▸ **What you should do**: Repeat all the lines below exactly, but omit the pictures.

▸ **Provided data**:
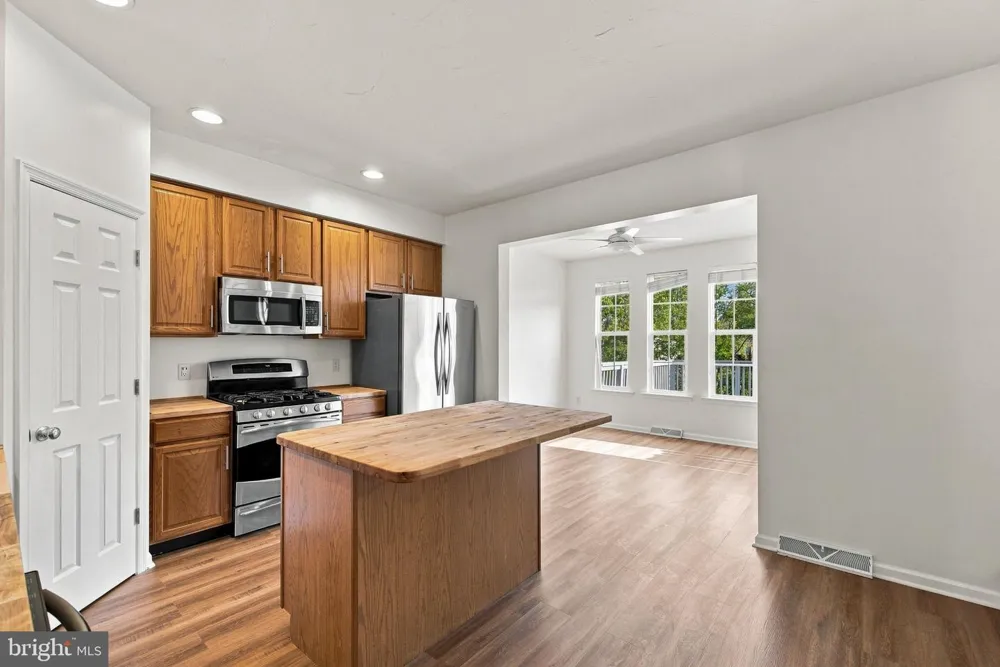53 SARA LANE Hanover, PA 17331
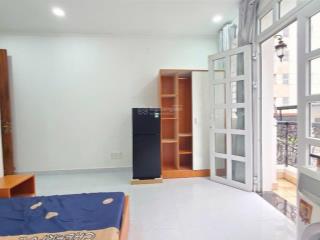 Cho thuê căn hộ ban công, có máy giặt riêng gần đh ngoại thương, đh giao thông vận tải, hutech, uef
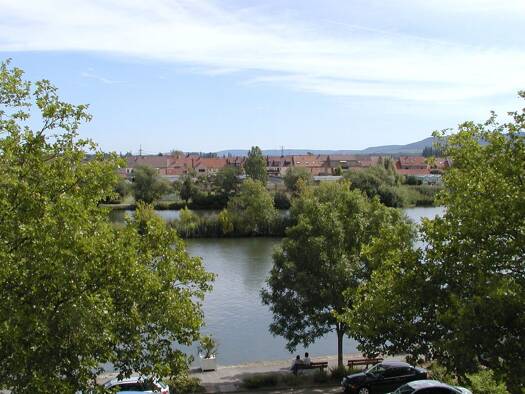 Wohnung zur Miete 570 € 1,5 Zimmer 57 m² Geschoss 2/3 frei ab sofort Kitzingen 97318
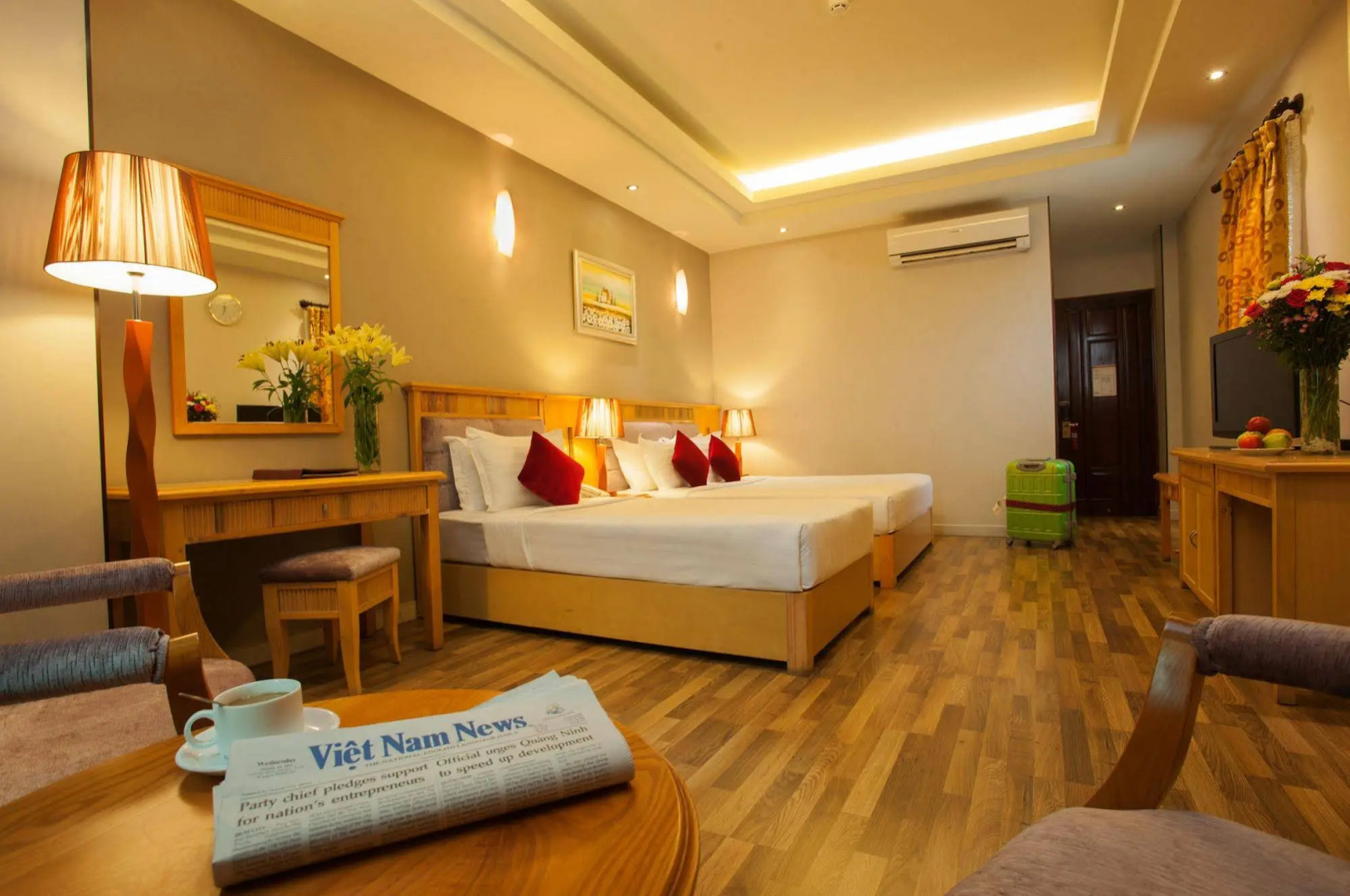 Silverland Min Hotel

▸ **Result for this task**:
53 SARA LANE Hanover, PA 17331
 Cho thuê căn hộ ban công, có máy giặt riêng gần đh ngoại thương, đh giao thông vận tải, hutech, uef
 Wohnung zur Miete 570 € 1,5 Zimmer 57 m² Geschoss 2/3 frei ab sofort Kitzingen 97318
 Silverland Min Hotel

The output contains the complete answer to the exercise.